━━━━━ TASK INPUT ━━━━━
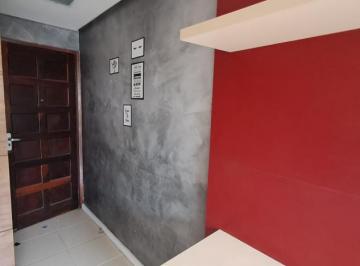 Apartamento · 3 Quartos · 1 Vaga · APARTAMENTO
━━━━━
━━━━━ TASK INPUT ━━━━━
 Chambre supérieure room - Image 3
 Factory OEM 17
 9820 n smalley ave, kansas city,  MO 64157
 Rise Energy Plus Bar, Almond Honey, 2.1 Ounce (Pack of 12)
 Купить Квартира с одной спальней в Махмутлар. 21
━━━━━
━━━━━ TASK INPUT ━━━━━
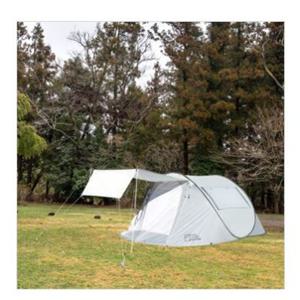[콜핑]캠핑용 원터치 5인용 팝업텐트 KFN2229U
━━━━━
■ TASK INSTRUCTIONS ■
Reproducing the whole listing above is not the task. Copy exactly only the lines from the one with "9820 n smalley" to the one with "Купить Квартира с", both kept.

■ EXPECTED ANSWER ■
 9820 n smalley ave, kansas city,  MO 64157
 Rise Energy Plus Bar, Almond Honey, 2.1 Ounce (Pack of 12)
 Купить Квартира с одной спальней в Махмутлар. 21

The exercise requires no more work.